__Task goal__
Copy the data below exactly, but not the pictures it contains.

__Dataset extract__
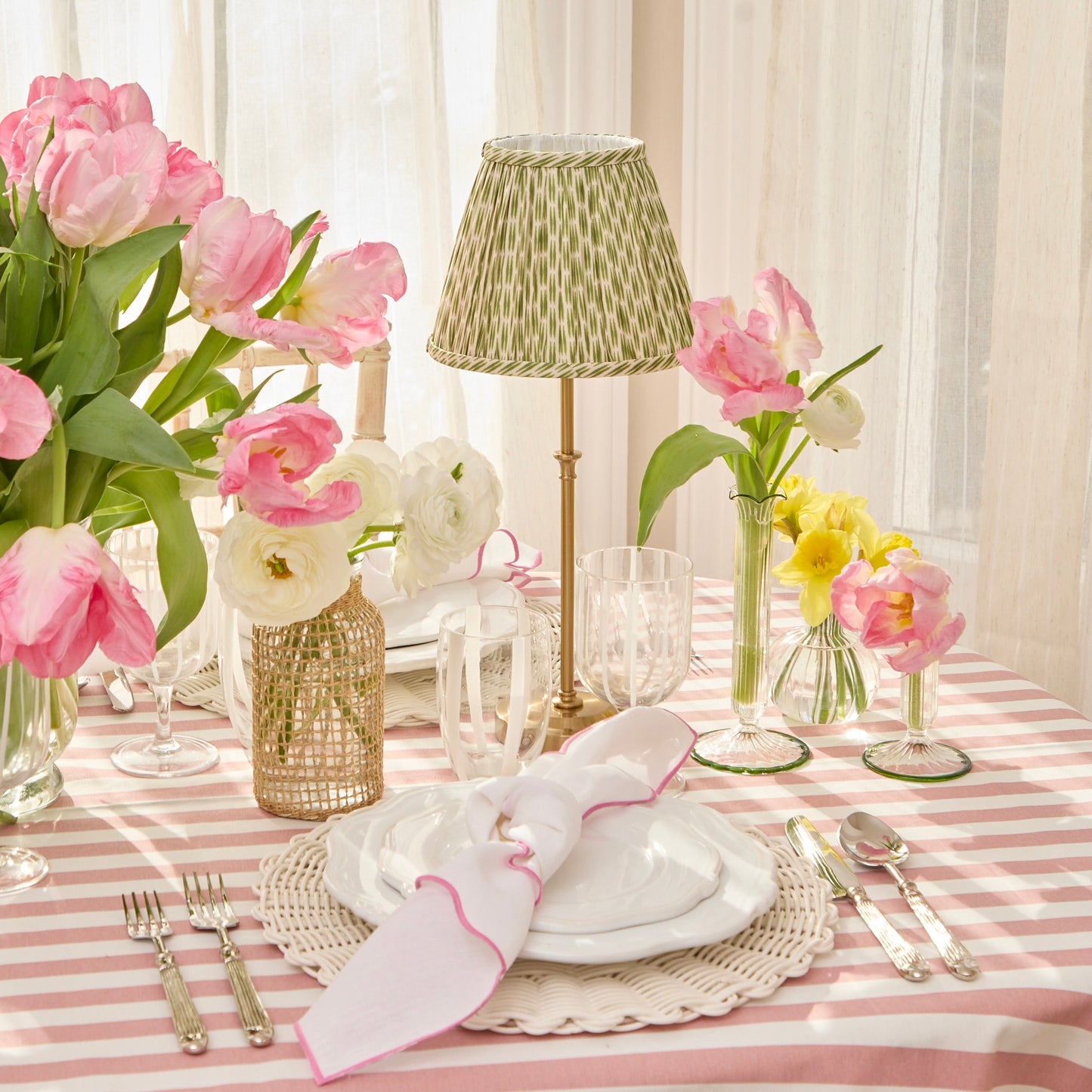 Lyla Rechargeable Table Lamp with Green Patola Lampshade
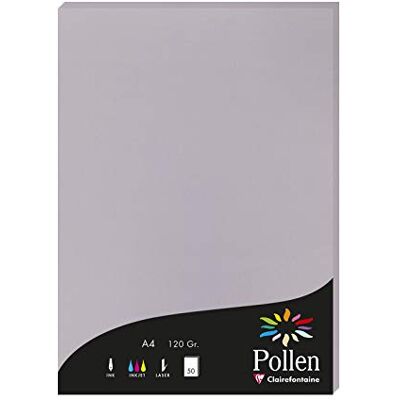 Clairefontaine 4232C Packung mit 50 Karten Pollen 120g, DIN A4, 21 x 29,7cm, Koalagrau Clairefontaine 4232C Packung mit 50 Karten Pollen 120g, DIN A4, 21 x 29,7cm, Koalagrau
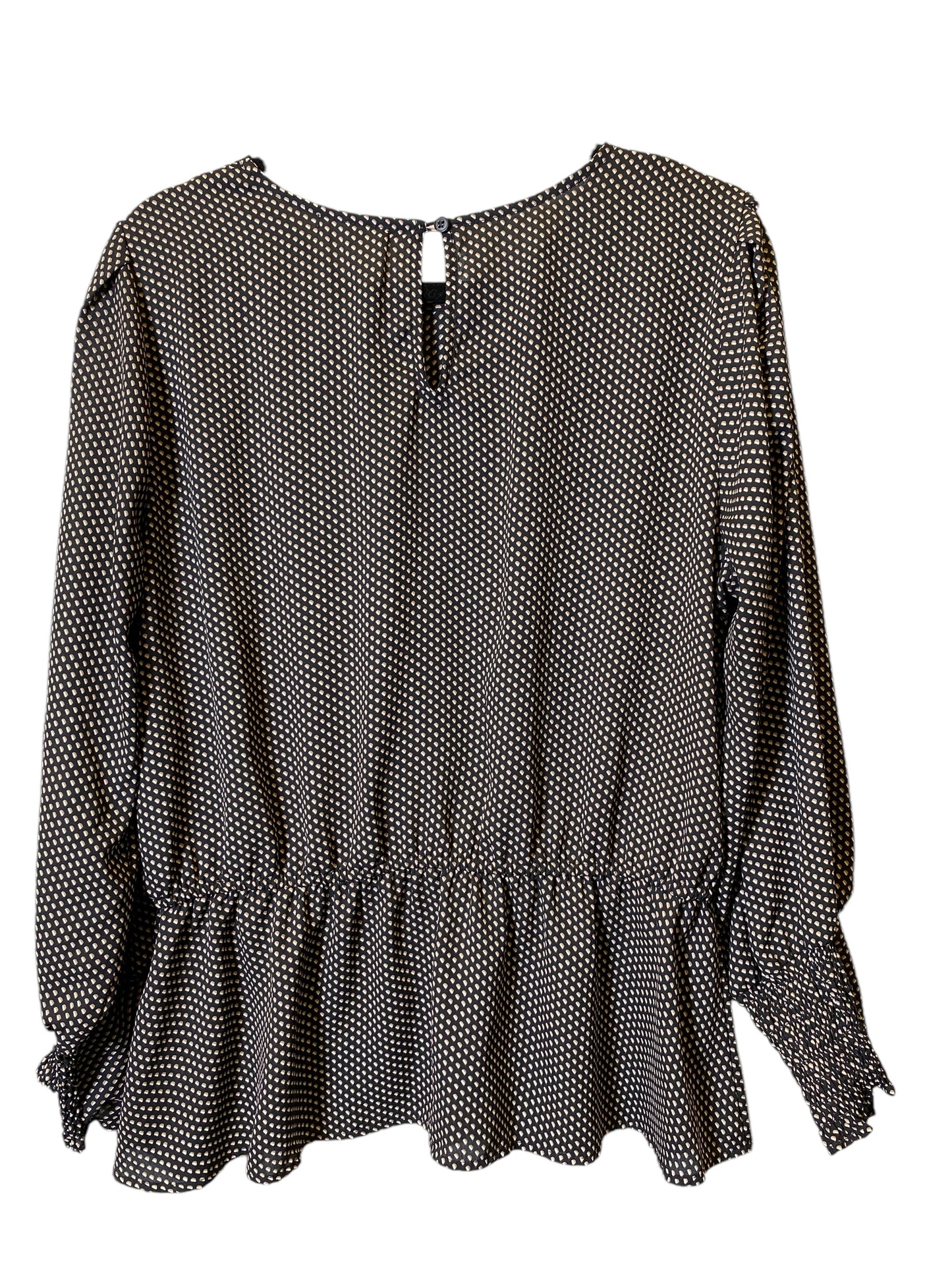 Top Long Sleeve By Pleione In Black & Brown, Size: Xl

__Answer__
 Lyla Rechargeable Table Lamp with Green Patola Lampshade
 Clairefontaine 4232C Packung mit 50 Karten Pollen 120g, DIN A4, 21 x 29,7cm, Koalagrau Clairefontaine 4232C Packung mit 50 Karten Pollen 120g, DIN A4, 21 x 29,7cm, Koalagrau
 Top Long Sleeve By Pleione In Black & Brown, Size: Xl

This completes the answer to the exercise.